しかしながらバカにしてはいけない。確率は低いにしても、1千万円以上の高額当選者というのは、年間で3千本、計算してみると1日に8名もの小金持ちが誕生しているということだ。
一般人にしてみれば、せいぜい当たって1万円。それ以上の当選は遠い親戚の中に1人くらいいるか、いないかだと思う。
数年前、私が裏社会ライターとして走り回っていたころ、紹介を受けた闇金融業者のA氏から興味深い話を聞いた。
「ウチの客の中にサマージャンボで1億円当選した奴がいるよ。でもわからんもんで、今では借金まみれでしぼられて、もう汗の一粒も出ない状態だよ」
な、なんと! サマージャンボで1億円も当てたのに今では借金大王とはこれいかに! ありえない話だろう、そんなこと。御大層な一軒家を建てたとしてもお釣りはくるし、残りの金で贅沢しながらリッチなサラリーマンとして、悠々自適な生活ができるじゃないか!
「ウチラの世界に堕ちてくる連中ってのは、まぁちょっとおかしな奴が多い。大金掴んで狂っちゃったんだろな」
「そうですか…」
「おう、ちょっと会って、そいつの記事でも書いてみるか?」
4年前の大阪曽根崎町の中華屋。私は高額当選して人生を狂わせた50がらみの男と会うことにあいなった。
西田春夫さん(仮名・56歳)は久々に口にする日本酒に喉を鳴らせた。
「いやぁ、やっぱりこれですわぁ……。もうねぇ、これしか楽しみがないからね」
毛羽だったタートルネックに薄汚れたダウンジャケット、ノーブランドのよくわからないセカンドバッグを片手に、男は待ち合わせ場所に立っていた。
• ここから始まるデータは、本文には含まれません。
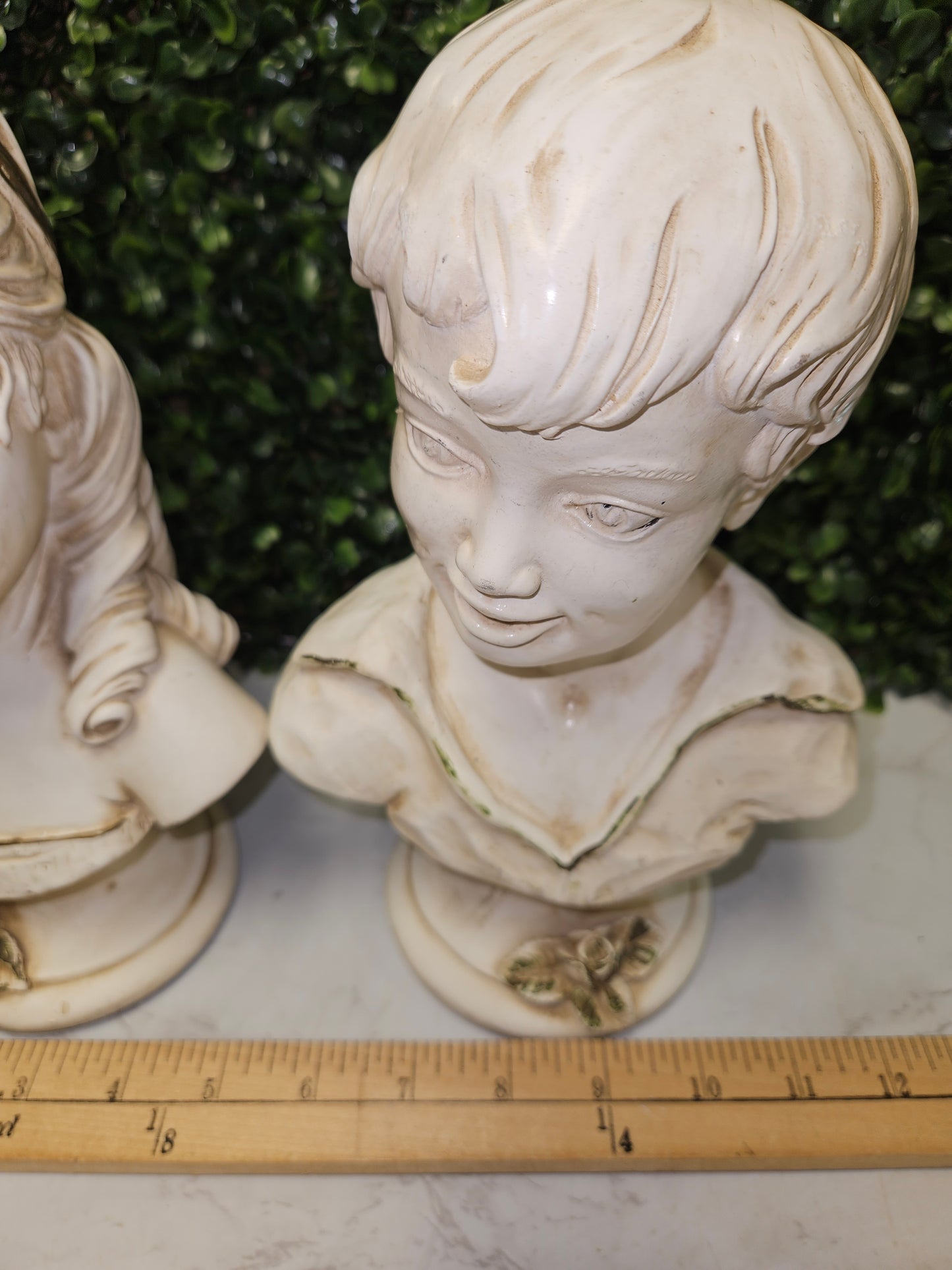 Vintage Head bust - boy & girl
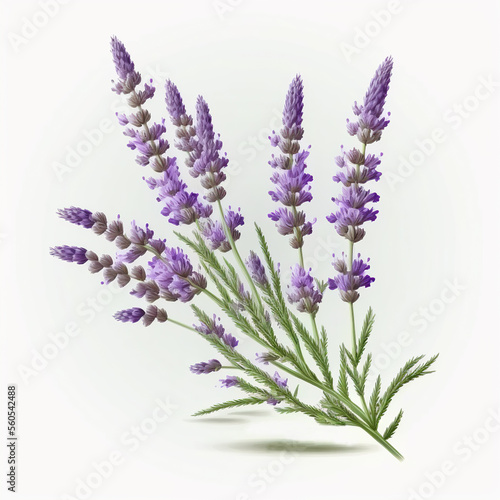 Beautiful lavender isolated on a white background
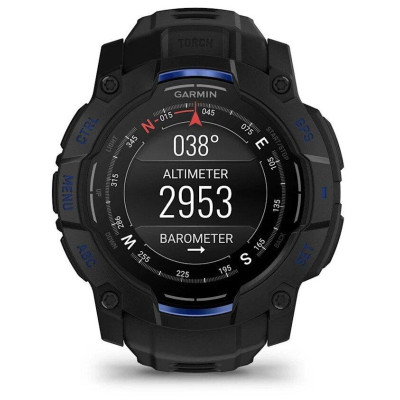 Смарт-годинник Garmin Instinct 3 50mm AMOLED Black with Black Band (010-03020-03)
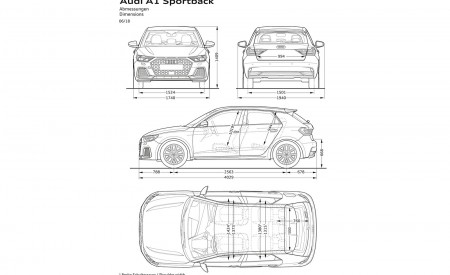 2019 Audi A1 Sportback Dimensions Wallpapers 450x275 (31)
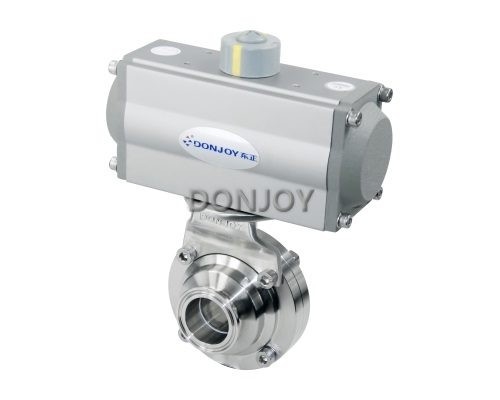 2 INCH 1.4301 butterfly Electric Sanitary Ball Valve with CIP clean function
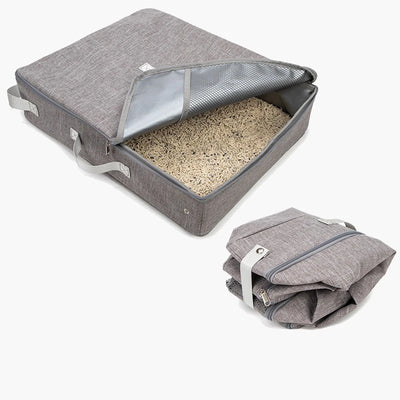 Lettiera per animali domestici da 1 pezzo, extra large, antispruzzo, impermeabile, portatile, pieghevole e mobile per uso esterno - My Store Pet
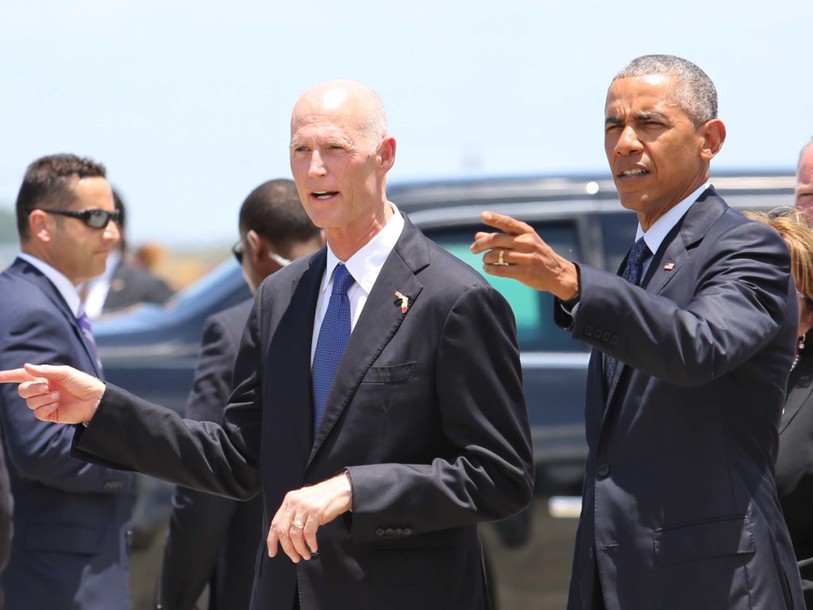 Obama auprès des survivants du Pulse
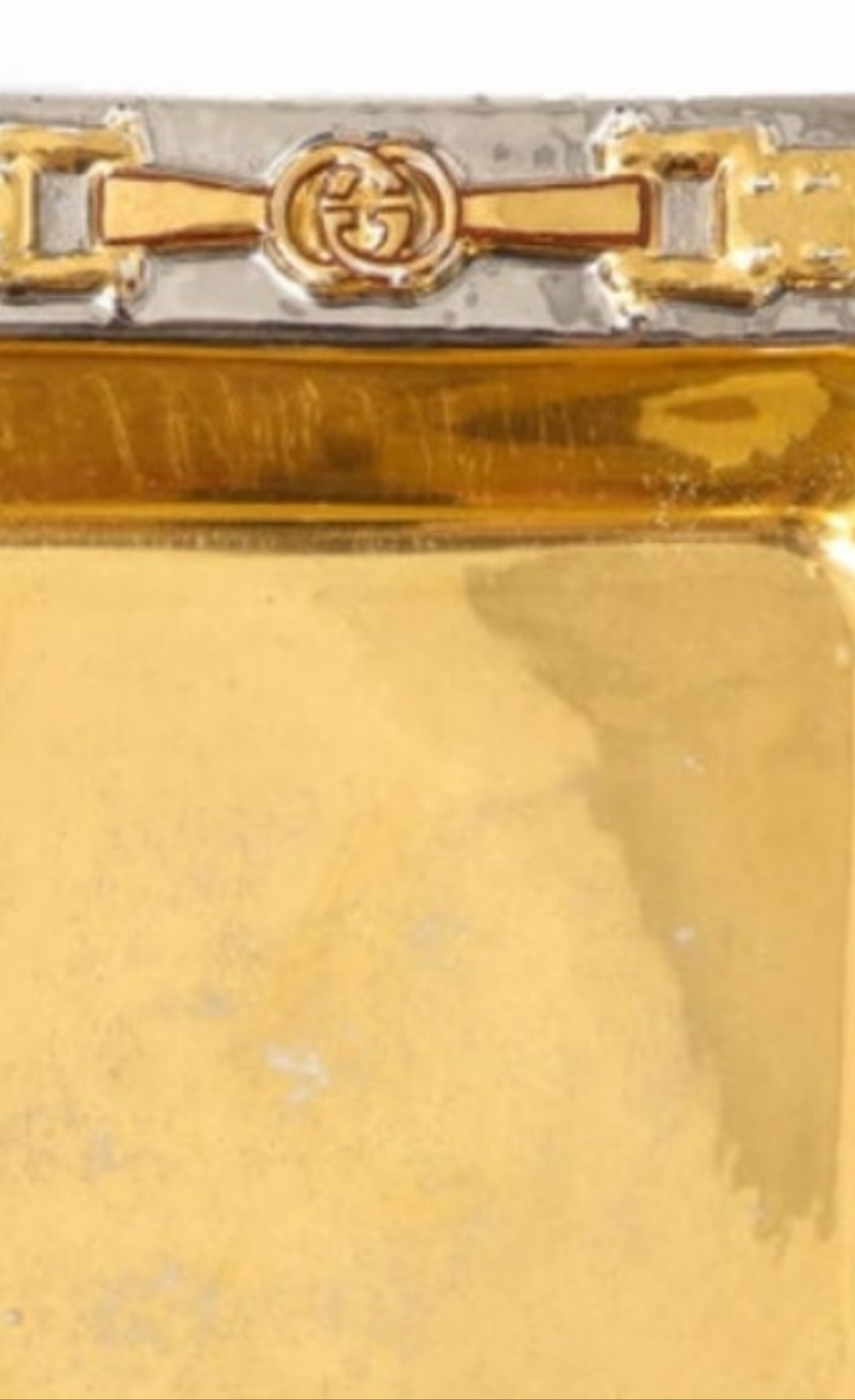 Gucci Horsebit Double Ashtray, Brass, Gold Leaf, Nickel, Leather, Signed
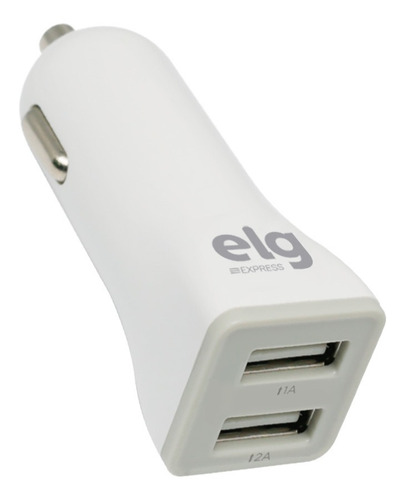 Carregador Veicular 2 Portas Usb 2a ELG Cc2se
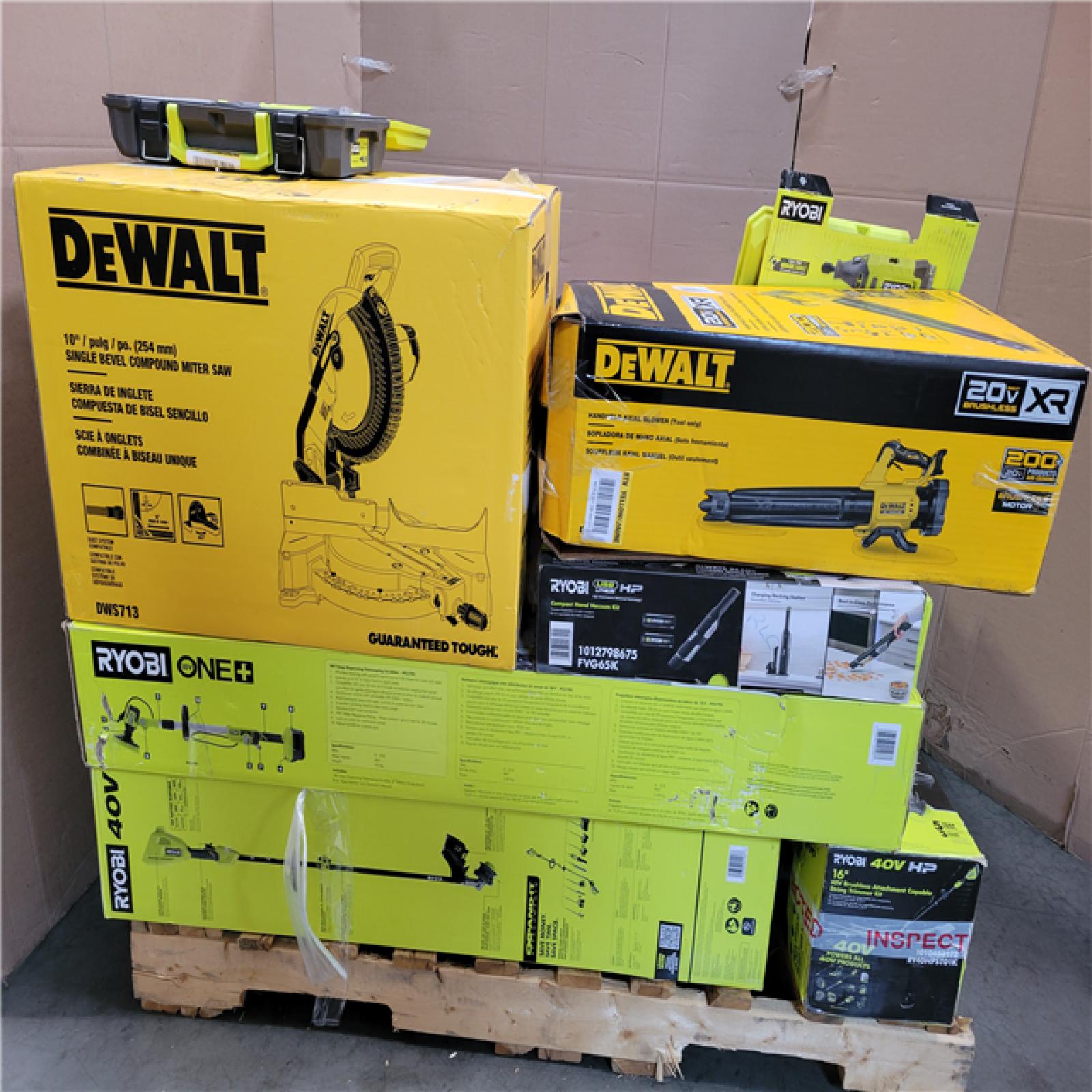 CALIFORNIA AS-IS TOOL PALLET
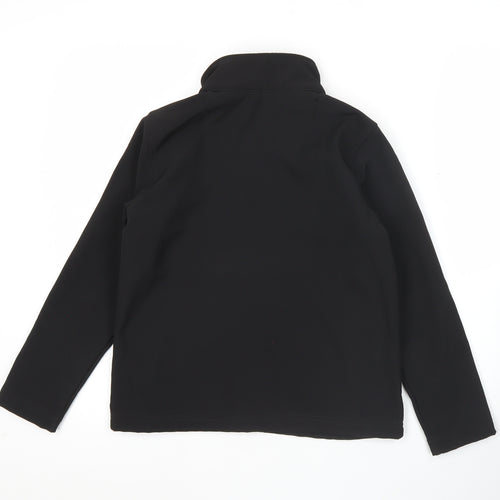 Gelert Boys Black Softshell Jacket Size 9-10 Years Full Zip Outdoor Coat
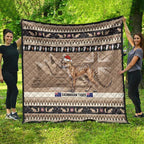 Aussie Tasmanian Tiger Quilt Merry Christmas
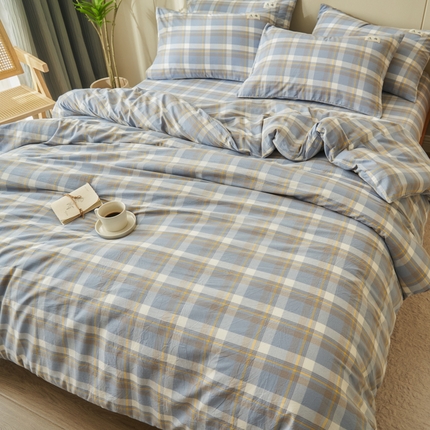 21度C 2024新款全棉色织水洗被套 雅格兰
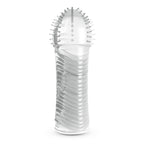 Funda para pene transparente acanalada + lubricante Crushious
話を聞こうと連れてきた中華屋の座敷で1日の疲れを洗い流すかのように一杯のコップ酒を呷ったのだった。
「あのう、本当に高額当選されたんですか? あの、別に疑っているわけではないんですけど……」
「ははは、見えんでしょうね、そりゃ。でも、私の話を聞けばわかってもらえると思いますよ」
「ああ、あの謝礼はお支払いしますんで……」
「それとぉ、酒ぇ……」
「ええ、どんどん召し上がってください」
彼は、安物の燗した白鶴で再び口を湿らせると、宝くじ高額当選後のおぞましき半生を話しはじめた。
それは、平成14年のことでした。そのころ、私は兵庫の物流会社の営業課長として仕事をしていました。
年収800万円。生活は中の中。妻と子供ふたりで、マイホーム持ち。平凡なサラリーマン家庭です。酒も付き合い程度、煙草も吸わんし、趣味も読書くらいのもんです。それと、毎度1万円未満、数千円をつぎ込む宝くじ購入くらいですかね。つまらない人生の男です。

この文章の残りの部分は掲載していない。